Por Rangel Alves
da Costa*
Coronel
Cupertino Sucupira mandou a negra velha passar o ferro em brasa com ele já
vestido no terno de linho branco. Depois, também já calçado em botina, chamou o
negrinho pra deixar o couro brilhando. Derramou por cima da cabeça quase meio
frasco de loção, colocou o chapéu, segurou o charuto entre os dedos, e saiu.
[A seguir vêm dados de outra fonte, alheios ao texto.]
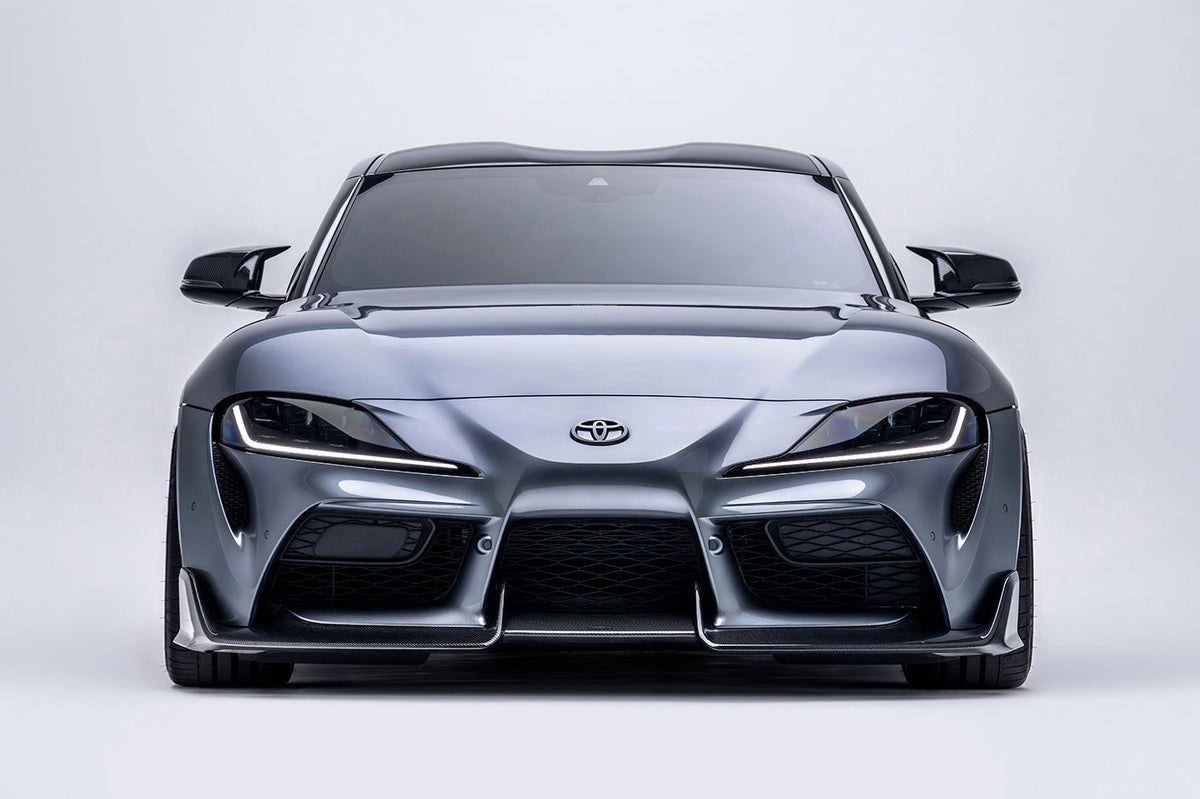 Toyota GR Supra A90 Carbon Fiber Front Lip 2019+ - Front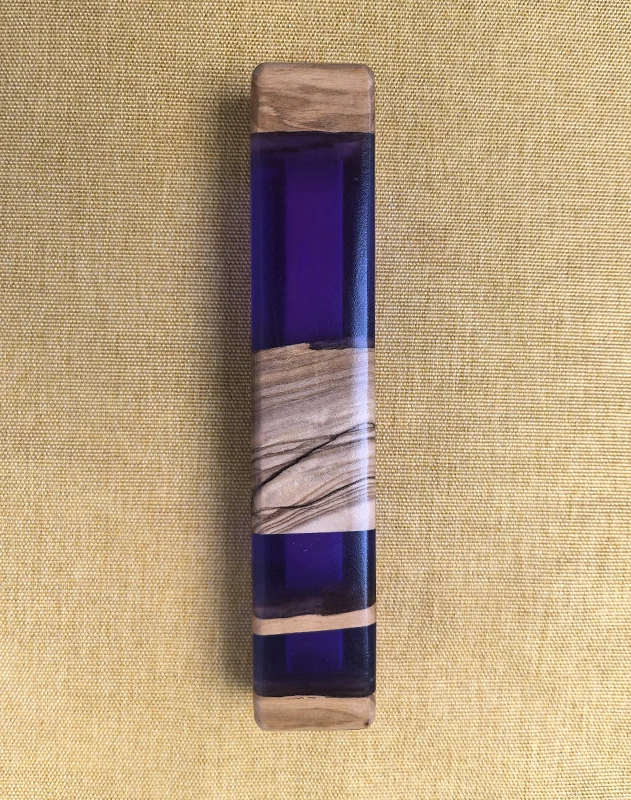 

Мезуза из дерева и эпоксидной смолы Judasica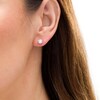 Thumbnail Image 1 of 3/4 CT. T.W. Diamond Solitaire Stud Earrings in 10K White Gold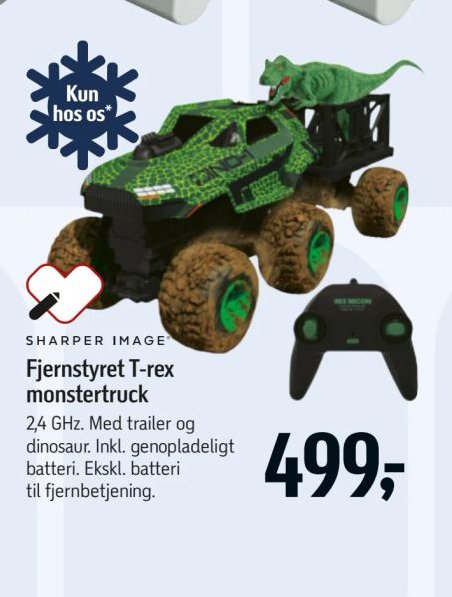 Fjernstyret T-rex monstertruck – Føtex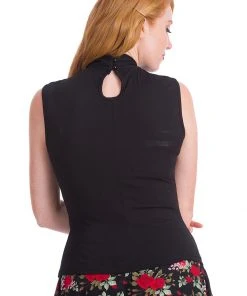 New In Banned Hey Jude 50's Top Black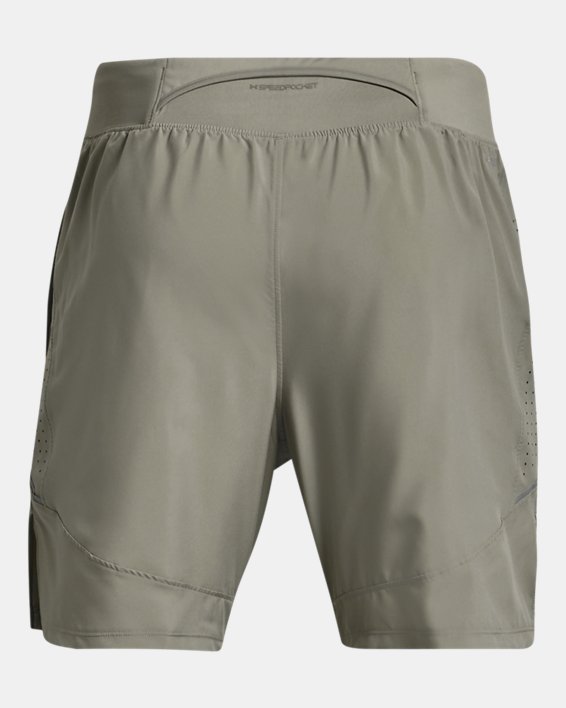 Men's UA Launch Elite 2-in-1 7'' Shorts in Green image number 6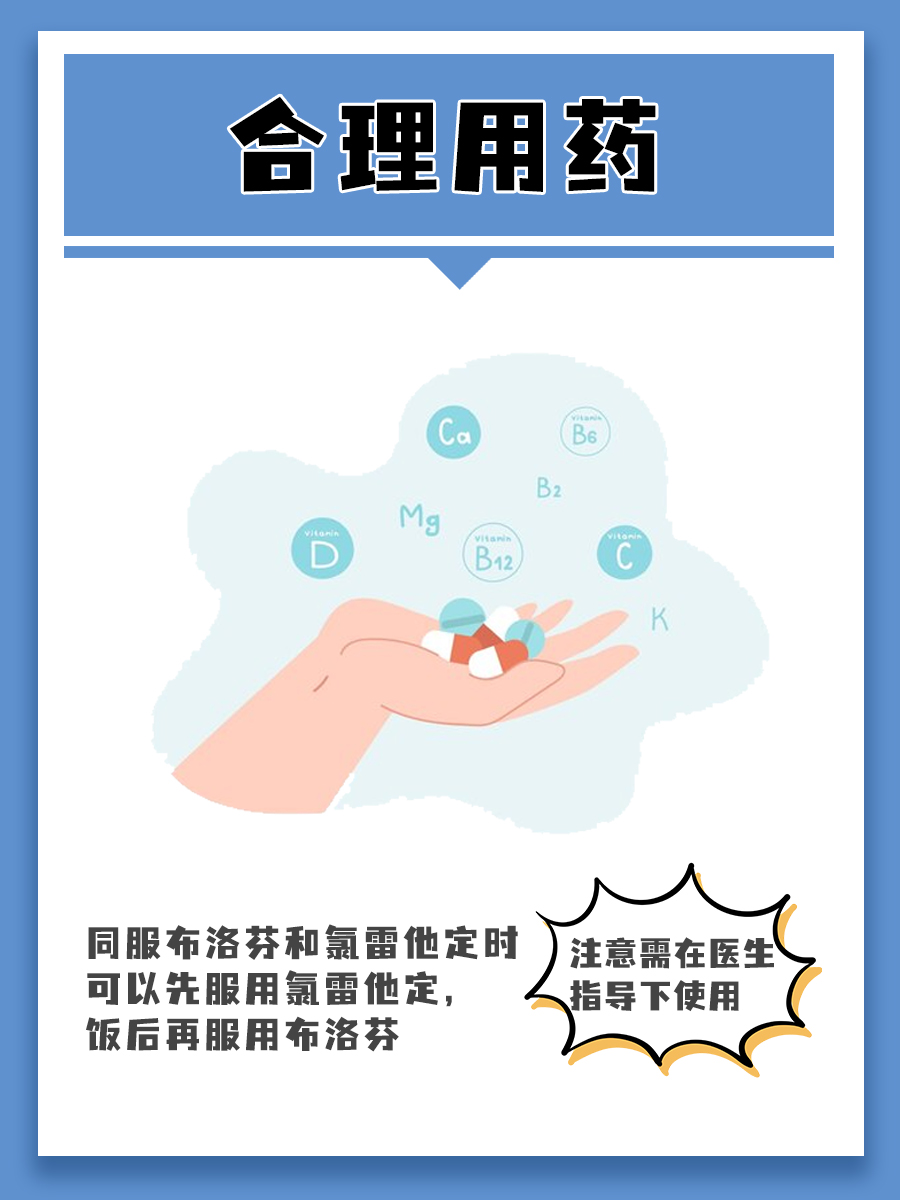 布洛芬+氯雷他定，同服有讲究！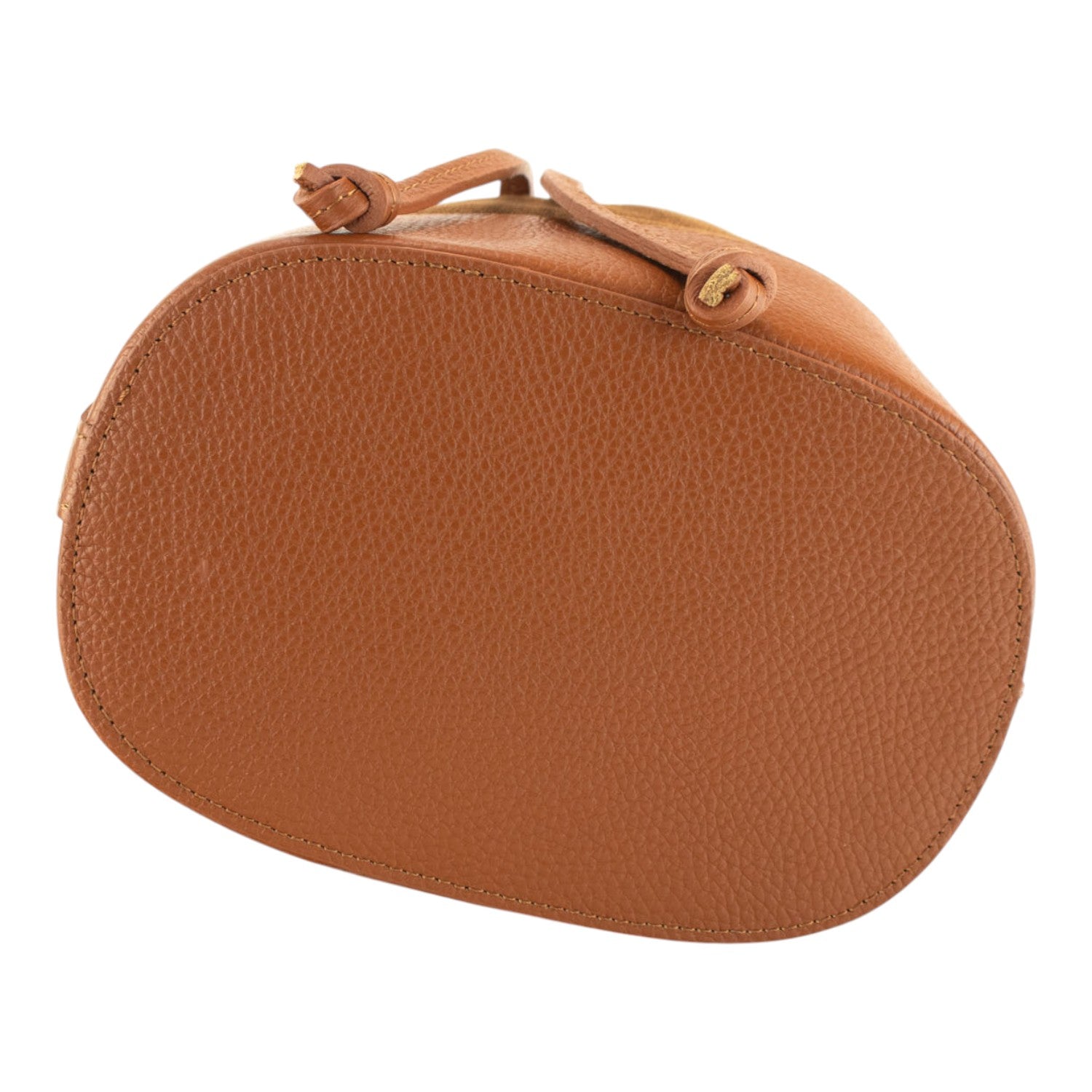 Bolso bombonera en Piel Pregato Ayra Ante Camel - KimondoShop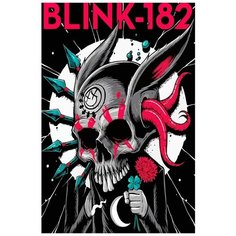 Картина по номерам на холсте Музыка Blink 182 Поп Арт - 7308 В 60x40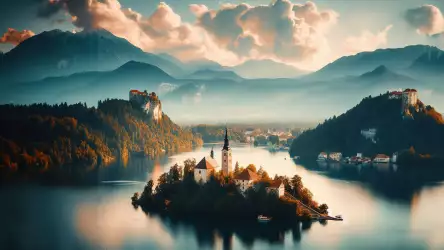 Lake Bled, Slovenia Wallpaper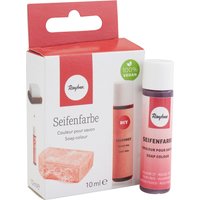 Seifenfarbe, 10ml - Feuerrot von Rot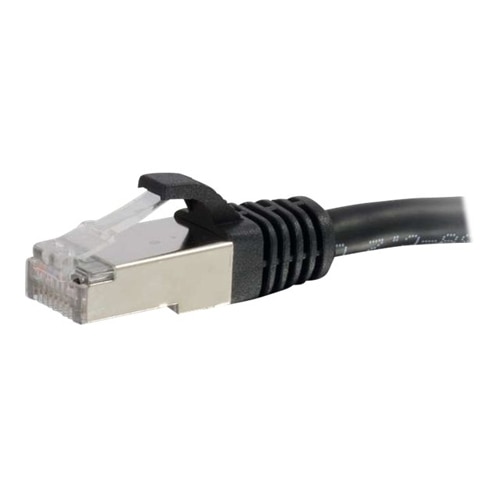 C2G 20ft Cat6 Snagless Shielded (STP) Ethernet Network Patch Cable - Black - patch cable - 20 ft - black 1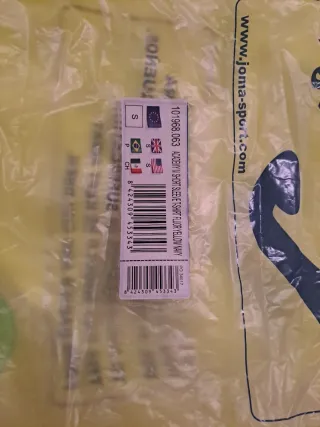 Camiseta Joma Deportiva Amarilla Talla S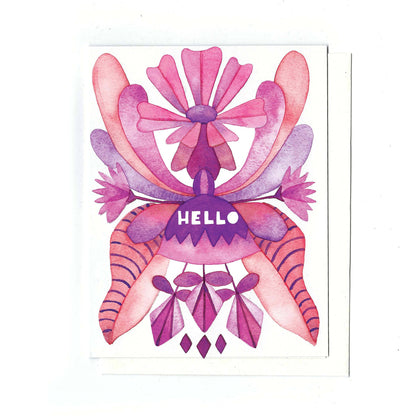 Hello Folk Card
Não sem antes pentear e ajeitar cuidadosamente o bigode.
Tinha destino
certo: Cabaré Cacau Dourado, sob o comando de Madame Juju das Camélias, nome de
guerra da maior cafetina da região, porém respeitadíssima como dona e
administradora de bordel. De batismo era Jurema das Mercês, mas tornada Juju
quando um capataz afamado, depois de tirá-la da casa dos pais ainda menina,
abusá-la como bicho de chicotada, foi deixada só com a roupa do corpo numa beira
de estrada.
Assim, Jurema
se fez Juju no primeiro cabaré que encontrou. Mas foi uma quenga de sorte.
Bonita, ainda novinha, de pele jambeada como o cacau dourando, caiu nas graças
de um velho e poderoso coronel. Nunca o poderoso conseguiu ir aos finalmente na
bela flor de açucena, mas sentia confortado apenas com a visão do paraíso.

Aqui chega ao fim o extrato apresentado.